◆ **Task instructions**: In the entries that follow, find the line containing "Villa Cztery Pory"; from there, copy every line exactly through the line containing "5151 Collins Ave #827, Miami Beach FL 33140".

====== Material provided ======

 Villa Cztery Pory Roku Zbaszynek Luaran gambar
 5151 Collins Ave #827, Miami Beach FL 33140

======
====== Material provided ======

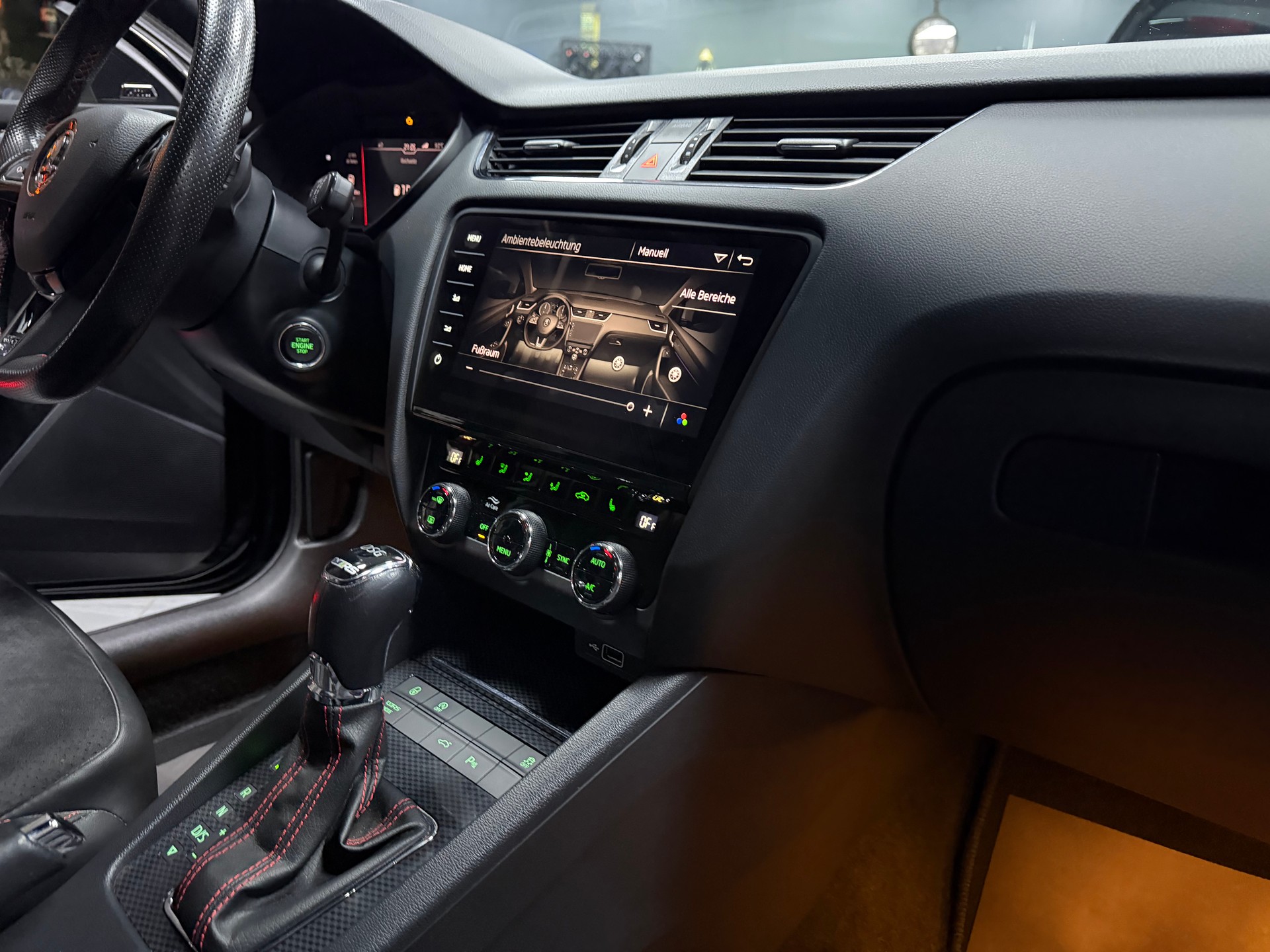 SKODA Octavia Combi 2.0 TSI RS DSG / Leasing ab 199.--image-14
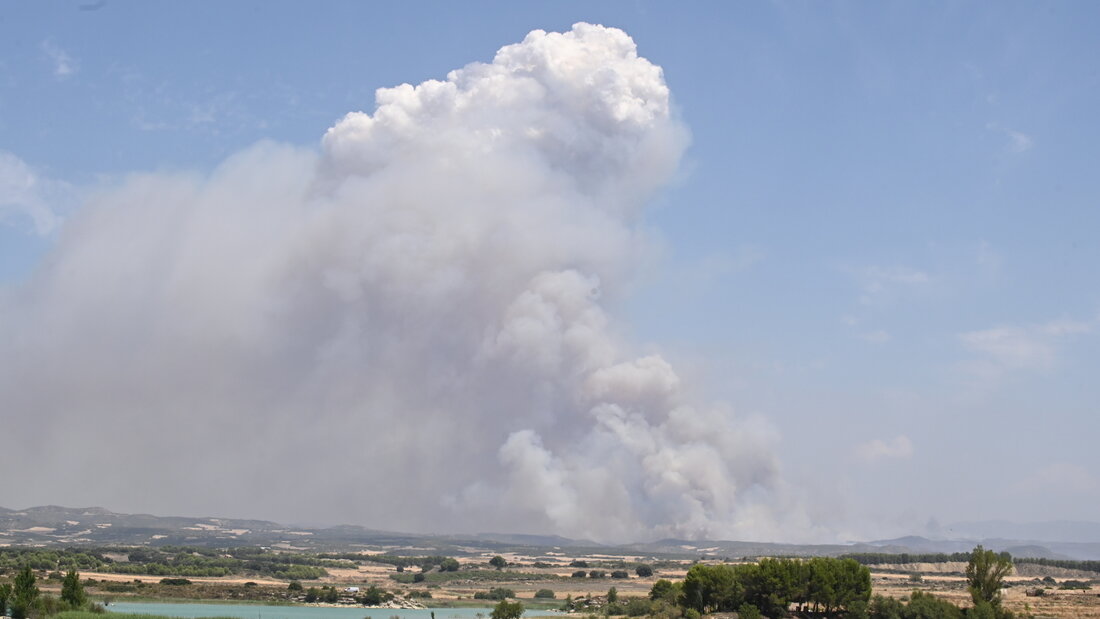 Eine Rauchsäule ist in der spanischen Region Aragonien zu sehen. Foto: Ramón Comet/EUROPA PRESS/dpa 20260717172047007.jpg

======
====== Material provided ======

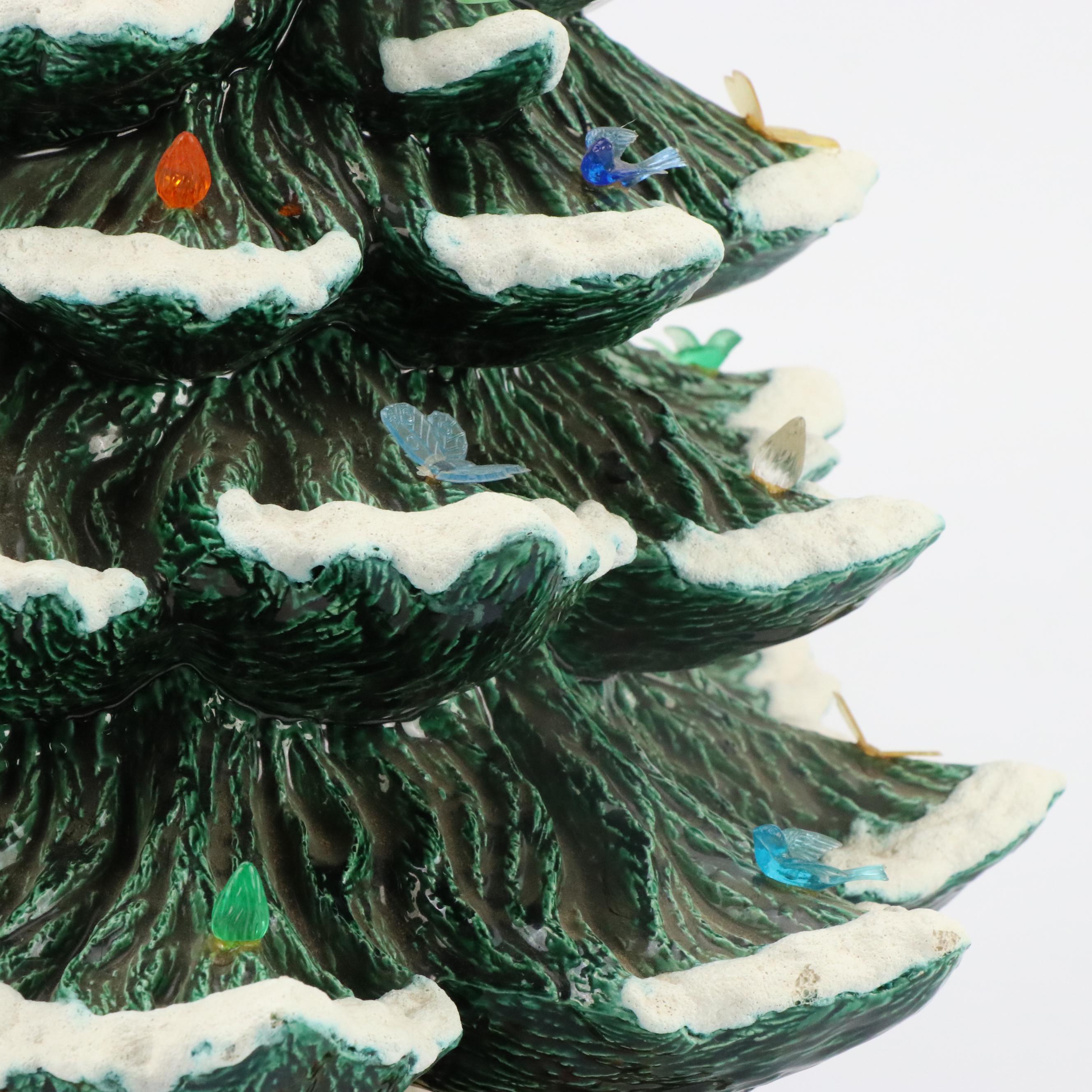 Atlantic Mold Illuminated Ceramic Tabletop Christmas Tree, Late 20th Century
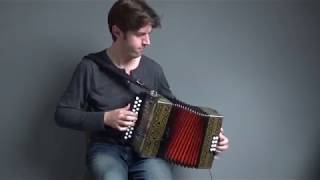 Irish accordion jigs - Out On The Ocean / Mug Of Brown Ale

======

◆ **Answer to this task**:
 Villa Cztery Pory Roku Zbaszynek Luaran gambar
 5151 Collins Ave #827, Miami Beach FL 33140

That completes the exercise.